Yesterday, the NCAA levied what many consider to be unprecedented penalties upon Penn State.  Including within the NCAA’s sanctions, was the imposing of a $60 million fine to be paid by Penn State over the next five years.  This $60 million figure is clearly large, leading some to believe that while the NCAA did not impose the “death penalty” upon the football program, it nonetheless intended to decimate it.

How though, will the $60 million fine actually impact the operations of Penn State’s football program and the Penn State athletics department?  In the grand scheme of Division I athletics, Penn State has posted impressive revenues in recent years.  For 2010-11, the most recent year for which Department of Education data is available, Penn State’s athletics department reported total revenues of $116,118,026.00.  The athletics department also reported expenses of $84,498,339.00.  While many athletics directors will note that the numbers reported to the Department of Education are not inclusive of every cost incurred by an athletics department, these figures at least give some idea as to the type of budget Penn State’s athletics department is operating under.

That being said, it is arguable that at least when considering the Department of Education data, having to shell out on average $12 million per year over the next five years to comply with the NCAA’s sanctions is not going to destroy Penn State athletics.  However, the story is not that simple.  One has to take into consideration the multitude of budgetary factors Penn State’s athletics department is likely now facing as a result of the NCAA sanctions.  Along with losing sponsors like State Farm and facing a possible credit downgrade by Moody’s, Penn State athletics likely now has to rework its budget to determine where the $60 million is going to come from.

Frank Hardymon is the Associate Athletic Director – CFO at Georgia Tech.  While he can only explain the budget planning process engaged in at Georgia Tech, he notes, “I would guess our methods of planning and budgeting are similar to those utilized by other institutions.”  This planning begins the spring prior to the July 1 start of the fiscal year, when the upcoming year’s budget is completed.  “In our case, nearly every dollar which we project receiving is accounted for in the budget,” Hardymon noted.

Likely, a similar circumstance exists at Penn State.  While the Department of Education arguably demonstrates that the athletics department is operating with a surplus, many athletics directors are quick to note that is not the case, as not every expense an athletics department incurs is reported to the Department of Education.  As such, Penn State is likely looking towards contingency provisions in its budget to gather the money by which to pay the $60 million fine.  “We build in as much contingency as we can every year; some years we may have close to $500,000.00 in contingency factors into the budget, other years that amount is quite a bit less,” Hardymon said.

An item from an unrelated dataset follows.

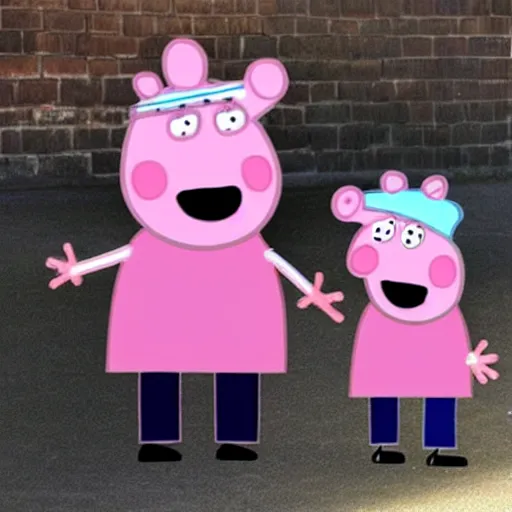 Prompt: peppa pig dressed like a gangster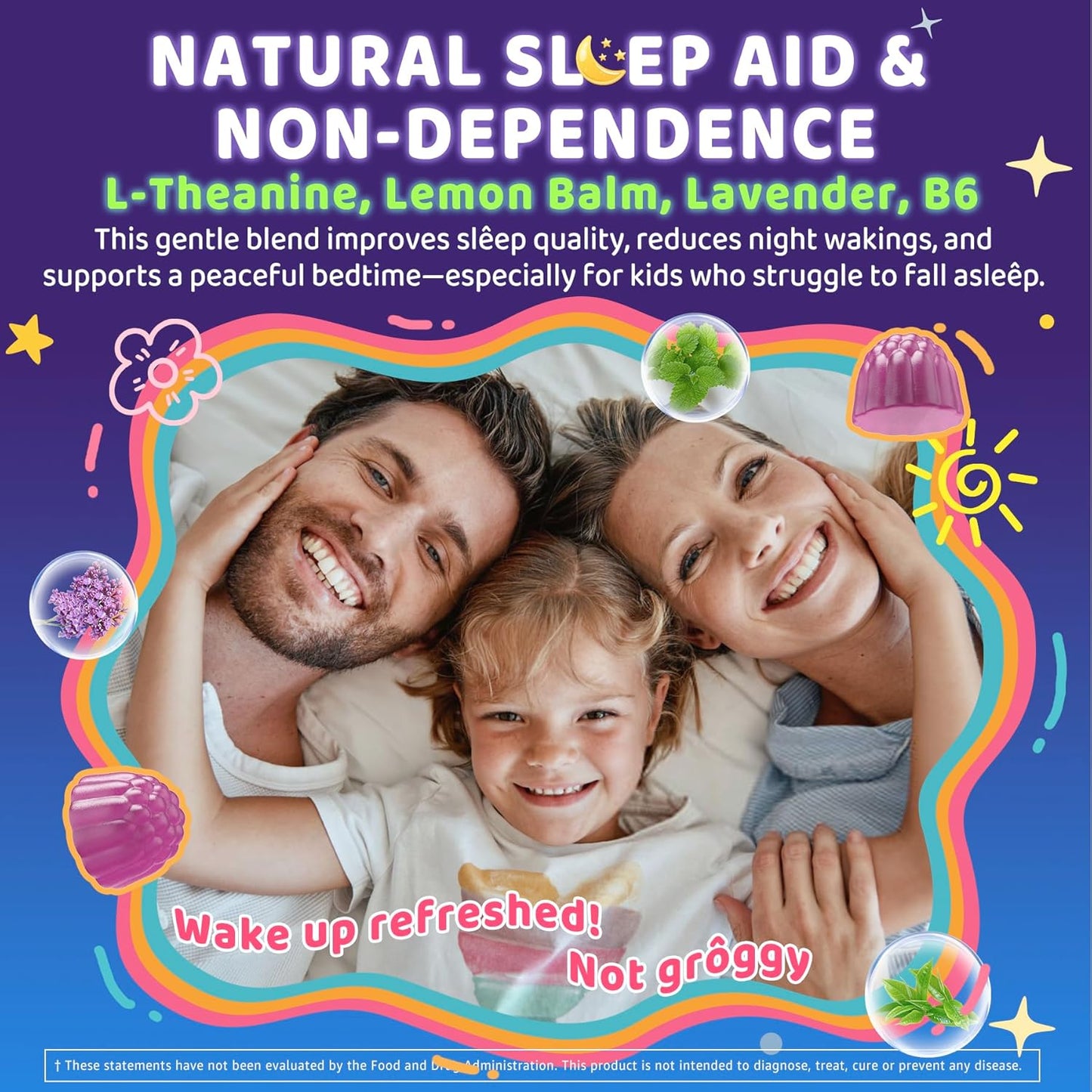 Kids Sleep Gummies, NO Melatonin Sleep Aid Gummies w/Magnesium Glycinate, Magnesium Malate, L-Theanine, Lavender, B6, Zinc, D3K2 for Restful Sleep, Relax Brain & Muscle, Immune Support, Non-GMO 2Pack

It is unknown whether Penn State’s athletics department had any contingencies built into its budget.  If so, it is highly unlikely that the contingency amount would allow for the payment of a $60 million fine.  As such, Penn State will likely have to scrape from other areas of its budget to pay the imposed fine.  Areas in which Penn State could cut from its budget would likely be from recruiting expenses, travel costs and future coaching salaries.  However, the most likely area in which Penn State could draw from is facility improvements.  While the department will have to continue paying under the loan terms for already existing improvements, it is unlikely that the athletics department will undertake any new building during the time period in which the fine is being paid.  Hardymon noted, “We also maintain a detailed five-year income projection which we update frequently.  That analysis factors in projected facility improvements needed during those five years.”

Overall, the financial sanction imposed upon Penn State by the NCAA is indeed a blow to the athletics department.  However, given Penn State’s apparent athletics revenue along with proper budgeting moving forward during the next five years, it is likely that the athletics department will be able to continue to function financially.

One thought on “Penn State’s NCAA Sanctions: The Impact On The Athletics Department”

  1. In the grand scheme of things, $60 million over five years isn’t a large amount, especially for a school whose football program brings in nearly double that amount each year. I’m mainly concerned for the non-revenue sports at Penn State, especially with the imposed fine and, likely, a decrease in income, which alters the budget projections.